Work to complete
Exactly the lines below from the one with "جناح ديلوكس بسرير" up to and including the one with "Holiday apartment |" make up the answer, with nothing else added.

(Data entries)
########################################

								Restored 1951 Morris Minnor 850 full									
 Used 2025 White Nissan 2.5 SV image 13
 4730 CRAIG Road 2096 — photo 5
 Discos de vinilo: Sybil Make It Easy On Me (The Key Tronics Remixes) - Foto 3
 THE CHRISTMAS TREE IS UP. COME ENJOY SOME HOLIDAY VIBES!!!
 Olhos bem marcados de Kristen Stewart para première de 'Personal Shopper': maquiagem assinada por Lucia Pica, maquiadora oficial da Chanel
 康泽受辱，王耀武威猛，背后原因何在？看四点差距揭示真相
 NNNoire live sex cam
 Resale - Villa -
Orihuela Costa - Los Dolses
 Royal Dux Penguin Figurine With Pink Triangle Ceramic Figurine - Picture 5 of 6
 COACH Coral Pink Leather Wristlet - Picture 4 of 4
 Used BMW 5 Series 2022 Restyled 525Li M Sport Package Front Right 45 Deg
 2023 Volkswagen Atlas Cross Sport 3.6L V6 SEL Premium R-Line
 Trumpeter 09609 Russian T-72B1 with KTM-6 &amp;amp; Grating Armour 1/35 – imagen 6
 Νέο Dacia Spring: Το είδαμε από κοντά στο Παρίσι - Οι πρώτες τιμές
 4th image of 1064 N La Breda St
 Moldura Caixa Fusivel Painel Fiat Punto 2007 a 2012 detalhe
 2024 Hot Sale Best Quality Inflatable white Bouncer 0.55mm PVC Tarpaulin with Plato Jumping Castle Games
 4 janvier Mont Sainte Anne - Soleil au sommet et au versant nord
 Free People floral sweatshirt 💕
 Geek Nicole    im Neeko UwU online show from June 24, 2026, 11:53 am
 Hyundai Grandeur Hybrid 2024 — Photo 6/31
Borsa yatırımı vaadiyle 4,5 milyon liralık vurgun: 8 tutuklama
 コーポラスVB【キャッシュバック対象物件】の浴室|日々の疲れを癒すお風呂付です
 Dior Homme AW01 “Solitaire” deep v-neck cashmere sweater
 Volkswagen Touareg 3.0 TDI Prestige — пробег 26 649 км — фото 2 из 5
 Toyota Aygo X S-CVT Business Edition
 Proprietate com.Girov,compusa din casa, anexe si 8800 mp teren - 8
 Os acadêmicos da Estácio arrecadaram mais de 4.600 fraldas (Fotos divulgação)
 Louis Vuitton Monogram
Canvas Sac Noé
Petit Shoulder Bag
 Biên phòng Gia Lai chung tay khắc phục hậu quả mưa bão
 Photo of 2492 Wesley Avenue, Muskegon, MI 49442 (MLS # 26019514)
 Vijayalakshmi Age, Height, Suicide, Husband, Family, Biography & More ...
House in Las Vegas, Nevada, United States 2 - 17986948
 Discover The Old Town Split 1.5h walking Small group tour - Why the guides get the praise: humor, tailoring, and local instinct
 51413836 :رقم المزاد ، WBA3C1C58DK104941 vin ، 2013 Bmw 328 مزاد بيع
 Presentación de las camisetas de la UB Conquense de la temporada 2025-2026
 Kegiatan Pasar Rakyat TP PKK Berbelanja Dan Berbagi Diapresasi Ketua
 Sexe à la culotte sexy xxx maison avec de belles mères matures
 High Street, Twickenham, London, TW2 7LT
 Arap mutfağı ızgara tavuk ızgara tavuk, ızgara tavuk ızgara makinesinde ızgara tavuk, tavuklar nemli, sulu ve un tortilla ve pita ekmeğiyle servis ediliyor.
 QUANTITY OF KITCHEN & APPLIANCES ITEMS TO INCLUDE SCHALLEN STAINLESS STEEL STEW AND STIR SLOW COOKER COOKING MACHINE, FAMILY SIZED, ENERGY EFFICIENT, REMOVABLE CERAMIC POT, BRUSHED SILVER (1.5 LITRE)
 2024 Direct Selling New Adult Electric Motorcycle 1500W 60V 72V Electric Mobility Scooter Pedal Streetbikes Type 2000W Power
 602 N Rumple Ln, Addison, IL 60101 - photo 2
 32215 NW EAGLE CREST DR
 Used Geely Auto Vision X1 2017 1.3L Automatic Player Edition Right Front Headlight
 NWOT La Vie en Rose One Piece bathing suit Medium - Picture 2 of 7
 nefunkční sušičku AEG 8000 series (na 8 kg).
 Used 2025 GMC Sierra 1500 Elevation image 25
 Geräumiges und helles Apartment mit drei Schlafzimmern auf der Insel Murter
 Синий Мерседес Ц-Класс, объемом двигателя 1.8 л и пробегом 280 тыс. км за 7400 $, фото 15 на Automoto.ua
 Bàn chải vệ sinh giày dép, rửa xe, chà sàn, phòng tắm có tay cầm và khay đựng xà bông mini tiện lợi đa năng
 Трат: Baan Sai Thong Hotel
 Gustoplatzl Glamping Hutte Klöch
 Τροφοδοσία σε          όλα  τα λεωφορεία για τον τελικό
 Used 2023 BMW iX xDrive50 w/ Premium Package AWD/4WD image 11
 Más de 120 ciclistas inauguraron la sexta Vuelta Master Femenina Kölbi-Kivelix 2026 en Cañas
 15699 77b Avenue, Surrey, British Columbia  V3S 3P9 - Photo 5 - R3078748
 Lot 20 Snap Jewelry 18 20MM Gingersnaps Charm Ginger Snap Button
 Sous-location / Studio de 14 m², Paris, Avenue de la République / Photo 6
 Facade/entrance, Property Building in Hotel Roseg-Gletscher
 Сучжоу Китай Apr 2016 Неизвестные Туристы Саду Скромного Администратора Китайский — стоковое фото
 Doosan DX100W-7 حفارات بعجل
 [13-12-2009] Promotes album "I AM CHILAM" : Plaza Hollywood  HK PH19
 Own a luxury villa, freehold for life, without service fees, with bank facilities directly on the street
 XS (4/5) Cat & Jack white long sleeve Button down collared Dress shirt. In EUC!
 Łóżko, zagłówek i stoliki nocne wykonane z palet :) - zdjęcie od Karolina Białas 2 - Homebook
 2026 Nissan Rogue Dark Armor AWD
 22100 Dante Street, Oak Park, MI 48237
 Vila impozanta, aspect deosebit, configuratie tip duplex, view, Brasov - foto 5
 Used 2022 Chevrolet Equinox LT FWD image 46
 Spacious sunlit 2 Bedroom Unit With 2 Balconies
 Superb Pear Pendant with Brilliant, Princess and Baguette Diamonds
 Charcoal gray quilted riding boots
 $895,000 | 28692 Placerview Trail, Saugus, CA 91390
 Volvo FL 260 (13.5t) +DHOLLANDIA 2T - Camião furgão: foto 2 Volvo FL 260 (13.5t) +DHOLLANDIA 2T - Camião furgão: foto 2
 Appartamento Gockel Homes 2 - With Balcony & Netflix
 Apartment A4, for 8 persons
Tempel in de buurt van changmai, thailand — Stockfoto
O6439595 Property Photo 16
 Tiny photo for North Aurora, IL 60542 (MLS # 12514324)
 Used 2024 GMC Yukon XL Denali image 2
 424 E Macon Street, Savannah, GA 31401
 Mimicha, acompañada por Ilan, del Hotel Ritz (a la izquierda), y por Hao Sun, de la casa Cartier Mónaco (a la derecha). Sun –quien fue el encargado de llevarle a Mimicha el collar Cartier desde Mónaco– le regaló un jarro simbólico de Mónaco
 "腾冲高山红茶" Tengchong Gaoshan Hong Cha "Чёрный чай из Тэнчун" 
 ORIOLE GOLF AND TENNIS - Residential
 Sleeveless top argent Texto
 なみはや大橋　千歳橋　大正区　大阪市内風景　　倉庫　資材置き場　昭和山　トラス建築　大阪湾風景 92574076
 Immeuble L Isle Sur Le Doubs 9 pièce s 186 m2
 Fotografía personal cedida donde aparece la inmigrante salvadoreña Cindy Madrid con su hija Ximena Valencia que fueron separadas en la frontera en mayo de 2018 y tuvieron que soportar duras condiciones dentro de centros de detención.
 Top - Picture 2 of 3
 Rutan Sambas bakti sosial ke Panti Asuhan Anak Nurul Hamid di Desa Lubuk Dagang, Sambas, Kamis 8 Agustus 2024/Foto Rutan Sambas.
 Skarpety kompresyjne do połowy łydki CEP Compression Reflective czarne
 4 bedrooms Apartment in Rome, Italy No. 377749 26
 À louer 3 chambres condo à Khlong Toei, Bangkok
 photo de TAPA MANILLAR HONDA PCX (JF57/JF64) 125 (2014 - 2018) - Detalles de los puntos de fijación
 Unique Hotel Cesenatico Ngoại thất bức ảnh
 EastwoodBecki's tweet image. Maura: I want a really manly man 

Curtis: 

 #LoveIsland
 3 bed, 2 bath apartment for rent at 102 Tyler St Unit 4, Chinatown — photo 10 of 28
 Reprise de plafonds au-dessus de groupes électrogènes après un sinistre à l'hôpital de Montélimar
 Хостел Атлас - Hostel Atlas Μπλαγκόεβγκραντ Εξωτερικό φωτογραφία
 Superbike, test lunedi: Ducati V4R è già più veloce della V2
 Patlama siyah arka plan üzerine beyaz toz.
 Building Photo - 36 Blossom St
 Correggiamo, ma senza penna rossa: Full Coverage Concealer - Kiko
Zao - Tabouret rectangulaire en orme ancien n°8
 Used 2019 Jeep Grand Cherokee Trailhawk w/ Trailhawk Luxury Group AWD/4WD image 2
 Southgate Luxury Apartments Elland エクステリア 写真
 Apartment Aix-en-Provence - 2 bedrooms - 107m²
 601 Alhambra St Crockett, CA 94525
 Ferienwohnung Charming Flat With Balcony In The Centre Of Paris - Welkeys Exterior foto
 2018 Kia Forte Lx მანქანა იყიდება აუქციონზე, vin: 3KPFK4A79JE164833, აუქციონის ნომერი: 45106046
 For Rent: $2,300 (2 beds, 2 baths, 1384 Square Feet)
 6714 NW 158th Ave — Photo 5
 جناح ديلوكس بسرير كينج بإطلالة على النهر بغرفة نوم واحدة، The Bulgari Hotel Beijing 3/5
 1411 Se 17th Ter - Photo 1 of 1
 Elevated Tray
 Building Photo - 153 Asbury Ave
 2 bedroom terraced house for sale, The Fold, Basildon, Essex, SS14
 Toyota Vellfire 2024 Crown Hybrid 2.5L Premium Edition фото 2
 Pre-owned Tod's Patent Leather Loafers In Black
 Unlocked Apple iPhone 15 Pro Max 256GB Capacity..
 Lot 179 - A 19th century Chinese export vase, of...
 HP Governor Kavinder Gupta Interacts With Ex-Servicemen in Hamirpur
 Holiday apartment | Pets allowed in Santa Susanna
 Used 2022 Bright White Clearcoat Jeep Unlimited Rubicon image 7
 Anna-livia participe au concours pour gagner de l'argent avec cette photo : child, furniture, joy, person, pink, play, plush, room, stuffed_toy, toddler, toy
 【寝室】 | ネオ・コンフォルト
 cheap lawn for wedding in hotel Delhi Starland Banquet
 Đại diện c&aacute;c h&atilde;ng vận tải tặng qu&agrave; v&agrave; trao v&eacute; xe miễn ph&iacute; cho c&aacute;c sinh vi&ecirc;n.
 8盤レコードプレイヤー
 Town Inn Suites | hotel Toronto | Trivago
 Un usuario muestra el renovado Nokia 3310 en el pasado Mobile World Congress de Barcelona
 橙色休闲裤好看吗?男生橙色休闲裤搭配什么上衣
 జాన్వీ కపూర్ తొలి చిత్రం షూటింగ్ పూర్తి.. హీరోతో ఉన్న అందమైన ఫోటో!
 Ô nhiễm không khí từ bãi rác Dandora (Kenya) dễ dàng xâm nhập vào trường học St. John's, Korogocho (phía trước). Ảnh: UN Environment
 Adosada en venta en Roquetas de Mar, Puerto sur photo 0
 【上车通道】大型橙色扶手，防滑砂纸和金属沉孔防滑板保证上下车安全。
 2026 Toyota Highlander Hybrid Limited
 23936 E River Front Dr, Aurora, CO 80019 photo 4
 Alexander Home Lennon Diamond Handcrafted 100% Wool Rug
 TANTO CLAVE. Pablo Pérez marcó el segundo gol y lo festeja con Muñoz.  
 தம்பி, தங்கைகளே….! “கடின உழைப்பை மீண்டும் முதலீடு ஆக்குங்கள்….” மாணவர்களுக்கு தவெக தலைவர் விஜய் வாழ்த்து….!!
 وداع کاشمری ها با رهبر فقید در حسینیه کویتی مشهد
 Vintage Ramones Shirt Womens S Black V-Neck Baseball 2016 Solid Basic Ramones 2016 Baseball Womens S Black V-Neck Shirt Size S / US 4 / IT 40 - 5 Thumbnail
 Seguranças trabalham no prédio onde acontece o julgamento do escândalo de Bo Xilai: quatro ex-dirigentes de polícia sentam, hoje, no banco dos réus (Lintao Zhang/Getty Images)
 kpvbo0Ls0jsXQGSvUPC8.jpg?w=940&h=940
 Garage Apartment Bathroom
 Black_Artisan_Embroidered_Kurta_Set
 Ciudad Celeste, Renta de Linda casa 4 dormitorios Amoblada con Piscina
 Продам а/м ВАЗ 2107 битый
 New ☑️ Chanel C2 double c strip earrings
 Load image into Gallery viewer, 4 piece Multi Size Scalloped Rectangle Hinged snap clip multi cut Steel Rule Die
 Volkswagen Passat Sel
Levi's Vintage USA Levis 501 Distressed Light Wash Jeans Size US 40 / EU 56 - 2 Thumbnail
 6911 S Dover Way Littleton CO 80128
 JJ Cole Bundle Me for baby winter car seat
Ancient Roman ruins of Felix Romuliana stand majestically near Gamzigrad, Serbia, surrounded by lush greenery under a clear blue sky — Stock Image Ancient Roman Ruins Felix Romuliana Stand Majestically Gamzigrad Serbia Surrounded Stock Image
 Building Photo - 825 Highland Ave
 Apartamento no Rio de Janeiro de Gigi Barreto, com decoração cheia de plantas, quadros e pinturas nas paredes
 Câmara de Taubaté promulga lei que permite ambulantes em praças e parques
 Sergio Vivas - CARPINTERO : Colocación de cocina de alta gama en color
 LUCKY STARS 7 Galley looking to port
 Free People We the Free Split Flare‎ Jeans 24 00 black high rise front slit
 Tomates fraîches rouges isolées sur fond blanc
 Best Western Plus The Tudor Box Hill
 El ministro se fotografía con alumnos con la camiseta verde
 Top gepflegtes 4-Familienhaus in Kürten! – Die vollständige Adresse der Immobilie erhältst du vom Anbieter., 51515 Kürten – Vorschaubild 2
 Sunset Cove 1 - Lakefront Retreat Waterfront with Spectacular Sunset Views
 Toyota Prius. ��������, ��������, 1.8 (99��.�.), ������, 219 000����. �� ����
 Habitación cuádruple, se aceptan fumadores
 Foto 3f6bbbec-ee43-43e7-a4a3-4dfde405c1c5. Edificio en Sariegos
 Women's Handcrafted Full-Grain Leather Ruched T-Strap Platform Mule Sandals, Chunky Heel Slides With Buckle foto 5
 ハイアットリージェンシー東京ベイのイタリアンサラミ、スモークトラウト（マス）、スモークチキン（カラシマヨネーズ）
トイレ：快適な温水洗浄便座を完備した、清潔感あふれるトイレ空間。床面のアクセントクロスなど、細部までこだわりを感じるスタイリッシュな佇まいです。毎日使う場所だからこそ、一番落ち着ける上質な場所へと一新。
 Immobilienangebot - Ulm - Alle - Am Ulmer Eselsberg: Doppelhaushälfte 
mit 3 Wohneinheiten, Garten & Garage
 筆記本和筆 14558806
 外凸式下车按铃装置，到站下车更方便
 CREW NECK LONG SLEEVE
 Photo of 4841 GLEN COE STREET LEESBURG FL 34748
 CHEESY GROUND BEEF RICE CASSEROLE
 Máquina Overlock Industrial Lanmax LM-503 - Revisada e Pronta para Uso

########################################

Answer section
 جناح ديلوكس بسرير كينج بإطلالة على النهر بغرفة نوم واحدة، The Bulgari Hotel Beijing 3/5
 1411 Se 17th Ter - Photo 1 of 1
 Elevated Tray
 Building Photo - 153 Asbury Ave
 2 bedroom terraced house for sale, The Fold, Basildon, Essex, SS14
 Toyota Vellfire 2024 Crown Hybrid 2.5L Premium Edition фото 2
 Pre-owned Tod's Patent Leather Loafers In Black
 Unlocked Apple iPhone 15 Pro Max 256GB Capacity..
 Lot 179 - A 19th century Chinese export vase, of...
 HP Governor Kavinder Gupta Interacts With Ex-Servicemen in Hamirpur
 Holiday apartment | Pets allowed in Santa Susanna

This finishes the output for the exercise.